Excerpt from Medium Cool: Emil McAvoy’s Conceptual Constellation, essay by Matthew Plummer

“To all appearances, the artist acts like a mediumistic being who, from the labyrinth beyond time and space, seeks his way out to a clearing.” – Marcel Duchamp1 

“Conceptual artists are mystics rather than rationalists. They leap to conclusions that logic cannot reach.”
– Sol Lewitt2 

At 4.20 pm on April 5, 2012, Emil McAvoy – aided by a group of unnamed co-conspirators – passively smoked marijuana in the basement of Auckland’s Snake Pit gallery. The time and place of this act were by no means arbitrary. The date coincided with the debut of McAvoy’s exhibition, OCCULTIVATION, about to open upstairs; the precise time is one that has long- standing significance in cannabis subculture. The site, once a network of nite clubs [one iteration was called The Box], had likely been host to many covert sessions in the past, and its basement no doubt appealed to McAvoy as an appropriate location for an “underground” activity subsequently titled Hot Box

Like much work of a performative or conceptual nature, Hot Box left no material trace – perhaps a good thing, given its illegality. Far from being a thoughtless flouting of the law, however, it was very much a calculated gesture. As Robert Barry’s Inert Gas (1969) had done over forty years prior, McAvoy’s performance (a “fumescape”, as one commentator dubbed it) dematerialised the art object.3 It raised questions about how this act related to both the soon-to-open exhibition and the artist’s wider body of work; about how a clandestine action might have an archival afterlife; about how underground traditions are formulated and transmitted, and how they might be linked to a history of conceptual practice which since the 1960s has flirted with, and at times been fuelled by, counter-cultural rebellion. Evoking a multiplicity of possible interpretations, Hot Box functions emblematically for McAvoy’s wider body of work. Transgressive and transitory, it illustrates how a simple conceptual gesture is able to bring into play a wide range of ideas and issues – a modus operandi of McAvoy’s practice if ever there was one…
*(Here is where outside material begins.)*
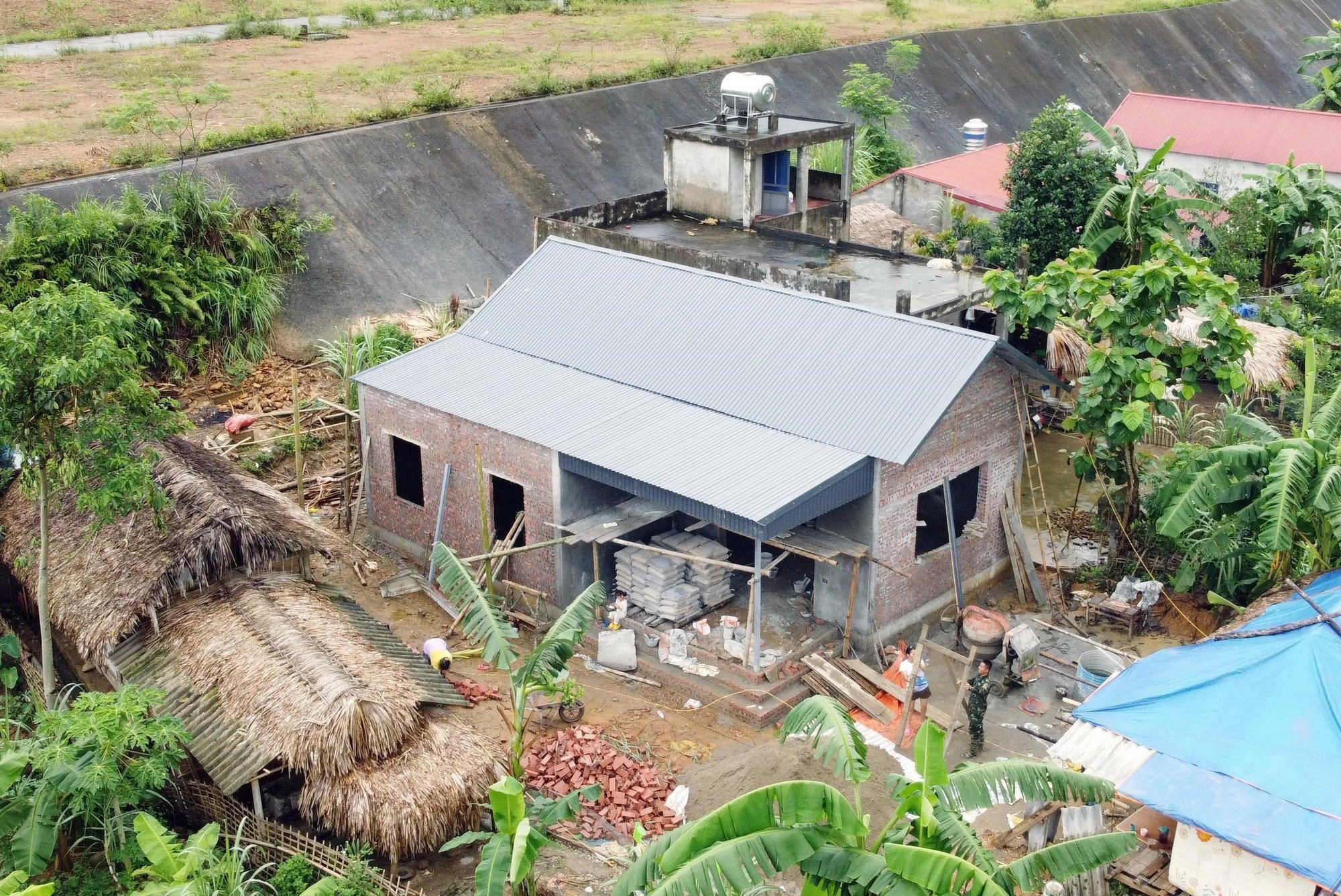 xoa-nha-tam.jpg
  1. Marcel Duchamp, ‘The Creative Act’, in The Writings of Marcel Duchamp, Michel Sanouillet and Elmer Peterson (eds), Da Capo Press: New York, 1973,138.
  2. Sol Lewitt, ‘Sentences on Conceptual Art’, first published in 0-9 (New York), and Art-Language (England), May 1969.
  3. Auckland Art Gallery Senior Curator Ron Brownson came up with this rather poetic description of Hot Box.